• [Extracted material]
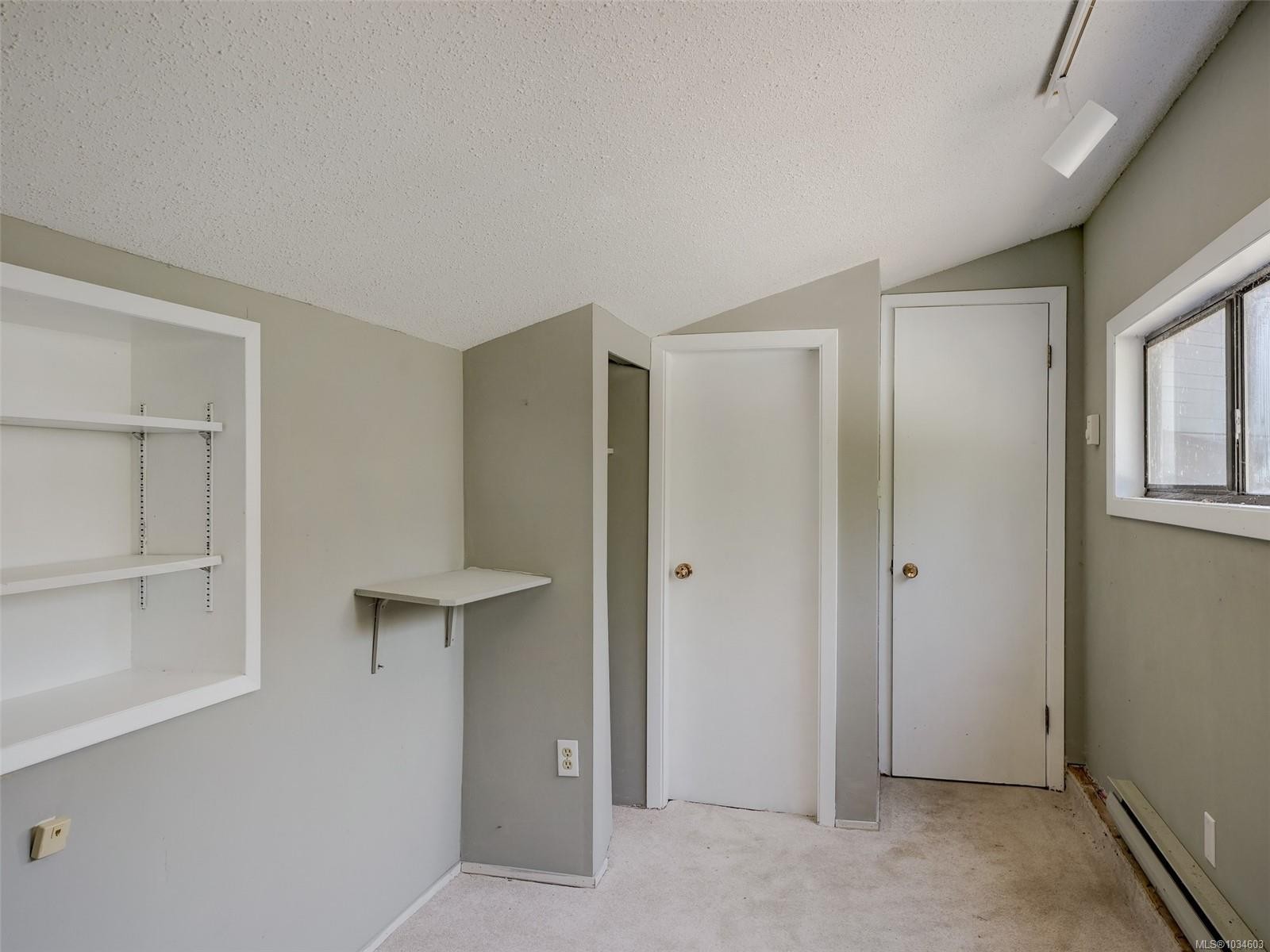596 Towner Rd, North Saanich, BC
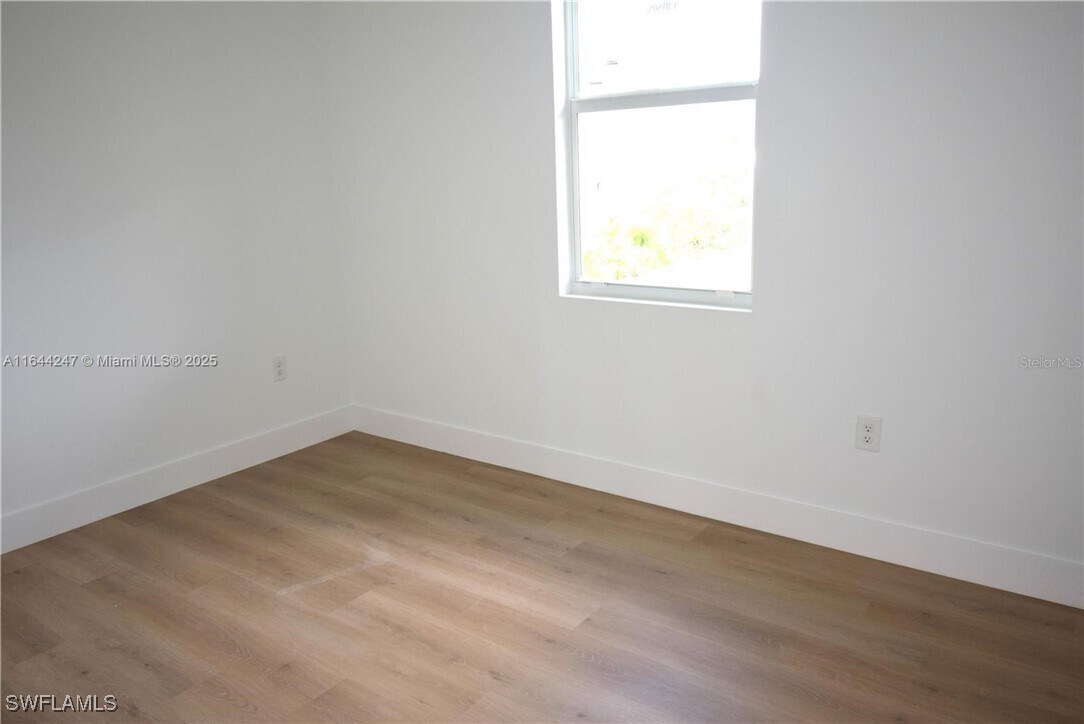 Foto del edificio - 3092 Crowder St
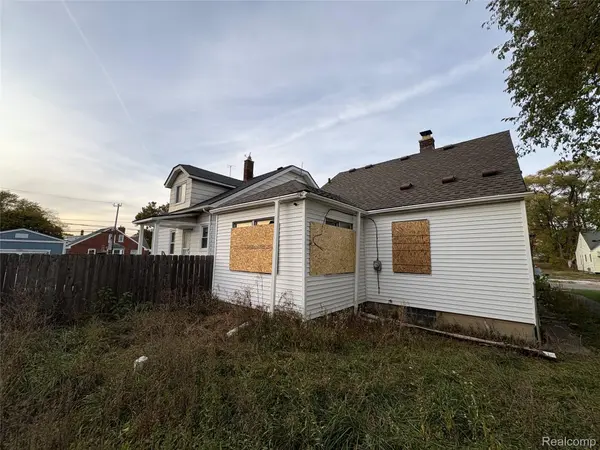 Detroit, MI 48213,14920 longview Longview ST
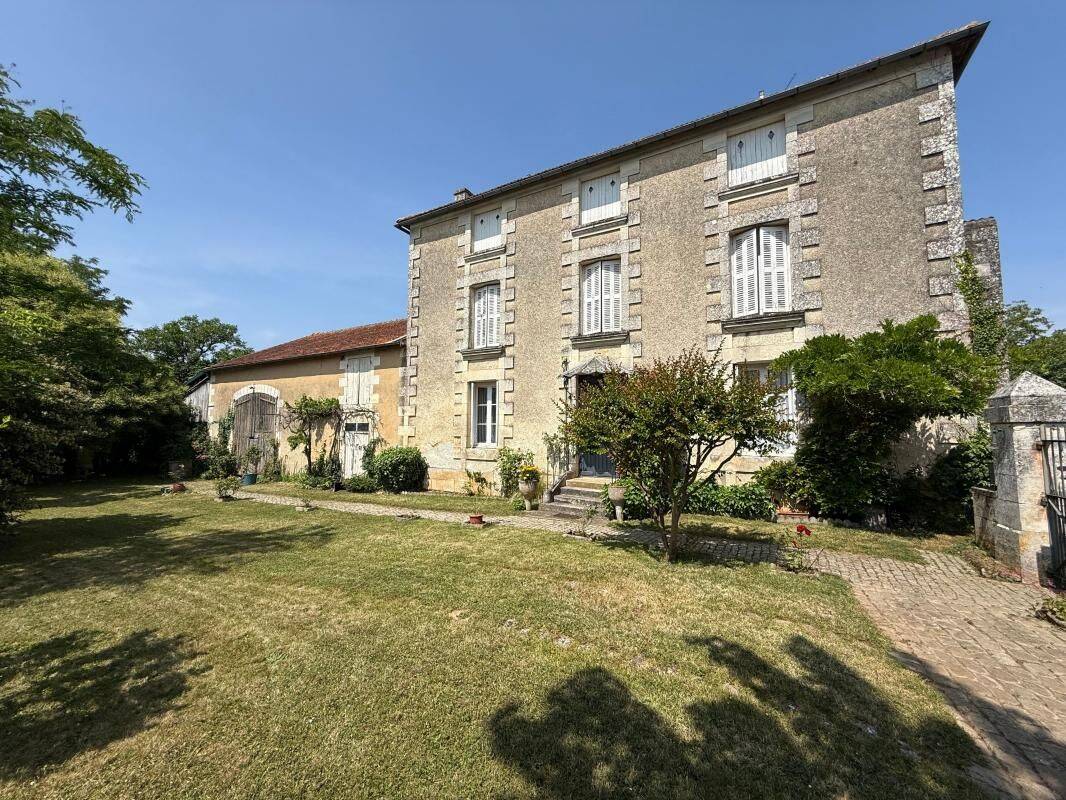 Maison 3 pièces 123 m² · à Migné-Auxances · 123 m² · 270 000 €
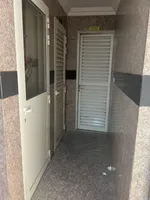 بنايه بالمصلى ارضى وطابقين طابق ارضى محلات وطابقين سكنى : Image 5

• [Task directions] Output the entries verbatim but drop the images.

• [Answer box]
596 Towner Rd, North Saanich, BC
 Foto del edificio - 3092 Crowder St
 Detroit, MI 48213,14920 longview Longview ST
 Maison 3 pièces 123 m² · à Migné-Auxances · 123 m² · 270 000 €
 بنايه بالمصلى ارضى وطابقين طابق ارضى محلات وطابقين سكنى : Image 5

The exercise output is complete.